Apart from the small serving blip, it was a sublime opening set of tennis from Azarenka and reminiscent of the form that helped her win her first grand slam Down Under more than a decade ago.
Things went from bad to worse for Pergula in the second set as Azarenka held and then broke serve to open up a 2-0 lead.
Pegula looks confused after another grounder went long and this time she started talking and gesticulating towards her box with increased frustration as she punched a ball onto the court in anger.
Perhaps the breakout was the stress relief Pegula needed as she quickly began hitting her shots with more power and precision, breaking Azarenka back at the first time of asking.
But in a game that continued to ebb and flow, Azarenka broke back immediately and then held serve to open a commanding 4-1 lead and place one foot in the semi-finals.

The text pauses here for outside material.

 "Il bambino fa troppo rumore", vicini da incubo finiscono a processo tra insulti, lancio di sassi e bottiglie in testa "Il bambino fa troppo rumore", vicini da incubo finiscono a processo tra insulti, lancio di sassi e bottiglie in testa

Azarenka has made a name for herself as one of the better returners in the women’s game and has so far nullified Pegula’s serve, a weapon that has given the American so much joy in recent seasons.
Pegula now looked beaten as Azarenka began to wear her down from the baseline; if Pegula had hoped that her opponent’s level would drop at some point, perhaps at this moment she realized that it would not happen.
She tried a few desperate shots in an attempt to mix things up, but a particularly poor drop shot was pounced on and dispatched with confidence by Azarenka.
Azarenka then broke Pegula for the fourth game in a row and thus the final leg of her decision to take a 5-1 lead and then promptly served out the match.
‘Vika’ joked in her post-match interview that she was keen to get home to her son – who Azarenka admitted is more into football than tennis – and her new dog.